== Segment start ==

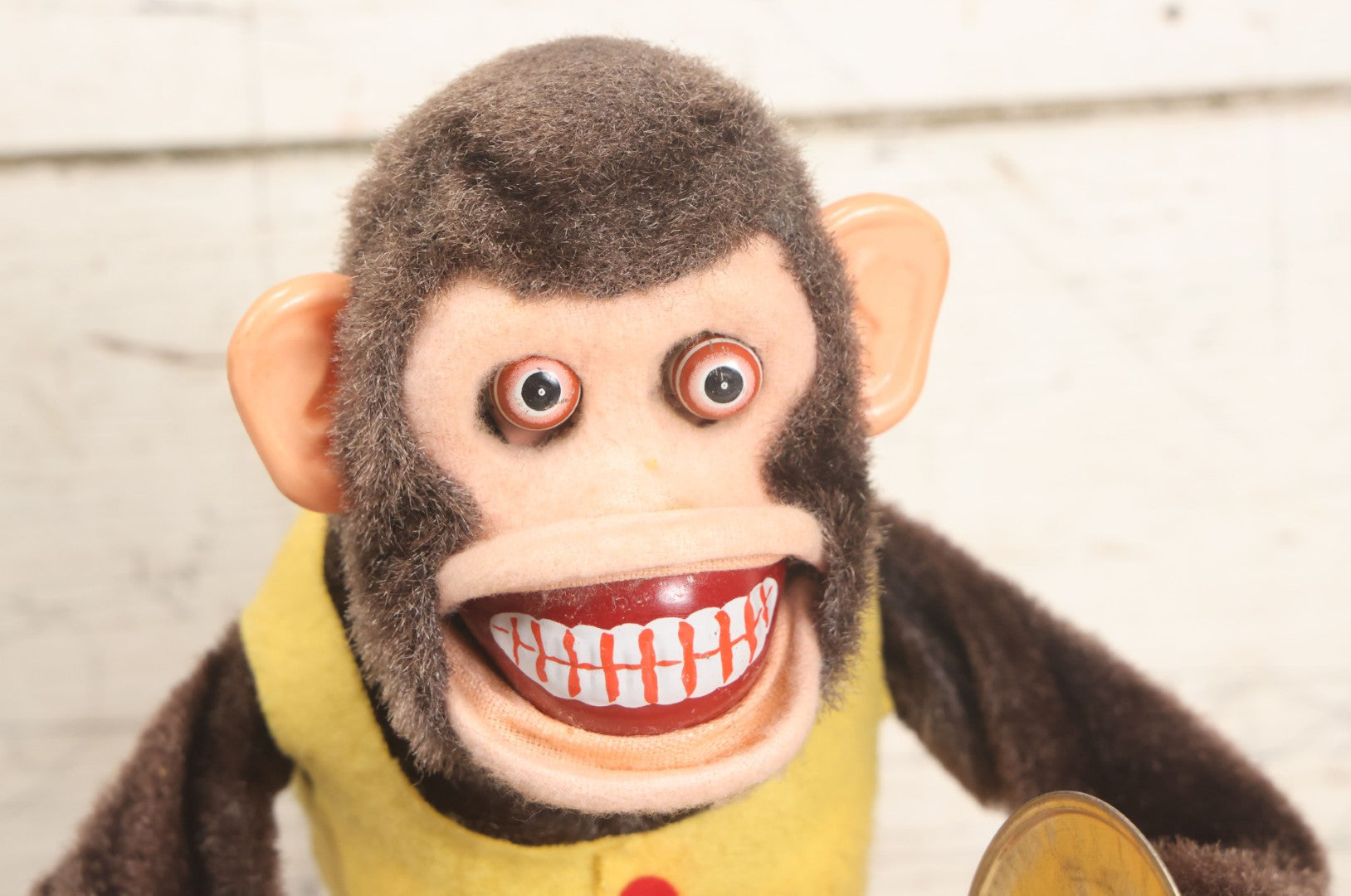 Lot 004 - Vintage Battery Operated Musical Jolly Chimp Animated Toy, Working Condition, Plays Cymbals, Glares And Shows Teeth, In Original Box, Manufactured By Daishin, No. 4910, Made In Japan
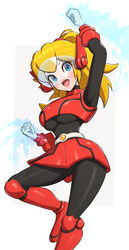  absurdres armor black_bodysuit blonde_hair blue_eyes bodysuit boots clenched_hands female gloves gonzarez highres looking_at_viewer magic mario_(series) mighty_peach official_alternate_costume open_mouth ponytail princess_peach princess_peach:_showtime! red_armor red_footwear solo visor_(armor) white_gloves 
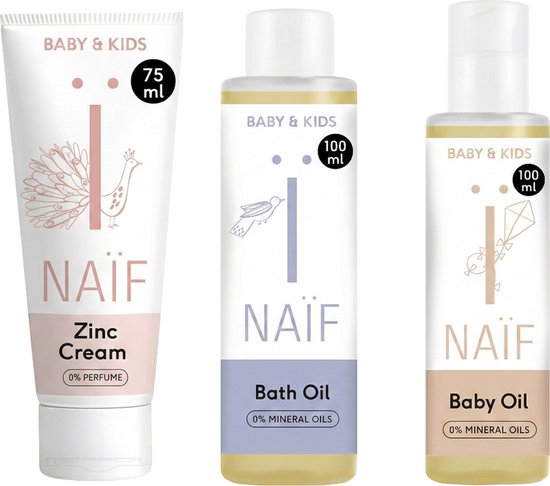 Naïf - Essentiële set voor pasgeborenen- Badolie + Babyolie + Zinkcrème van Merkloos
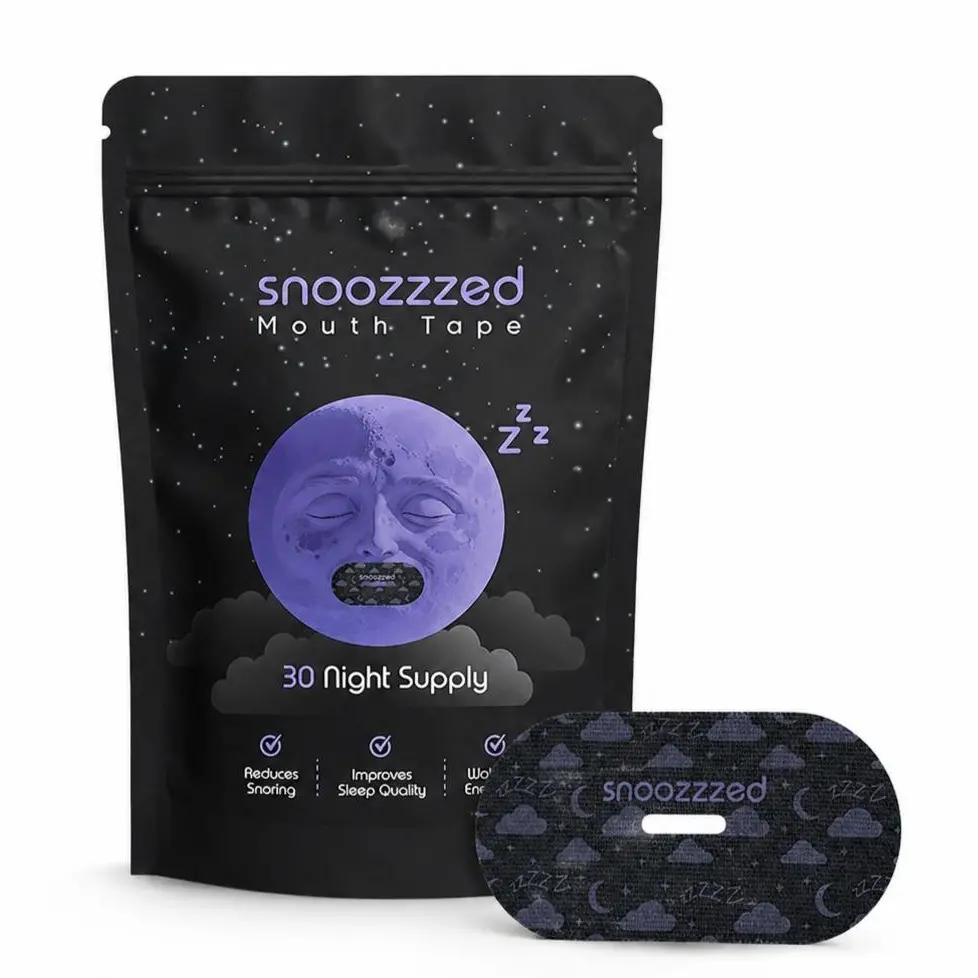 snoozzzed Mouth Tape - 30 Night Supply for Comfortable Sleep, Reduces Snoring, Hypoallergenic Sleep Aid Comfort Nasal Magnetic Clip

== Segment end ==

TO DO =>
Copy out the material exactly as it stands, though no picture should appear in the copy.

RESPONSE TO THIS TASK =>
 Lot 004 - Vintage Battery Operated Musical Jolly Chimp Animated Toy, Working Condition, Plays Cymbals, Glares And Shows Teeth, In Original Box, Manufactured By Daishin, No. 4910, Made In Japan
  absurdres armor black_bodysuit blonde_hair blue_eyes bodysuit boots clenched_hands female gloves gonzarez highres looking_at_viewer magic mario_(series) mighty_peach official_alternate_costume open_mouth ponytail princess_peach princess_peach:_showtime! red_armor red_footwear solo visor_(armor) white_gloves 
 Naïf - Essentiële set voor pasgeborenen- Badolie + Babyolie + Zinkcrème van Merkloos
 snoozzzed Mouth Tape - 30 Night Supply for Comfortable Sleep, Reduces Snoring, Hypoallergenic Sleep Aid Comfort Nasal Magnetic Clip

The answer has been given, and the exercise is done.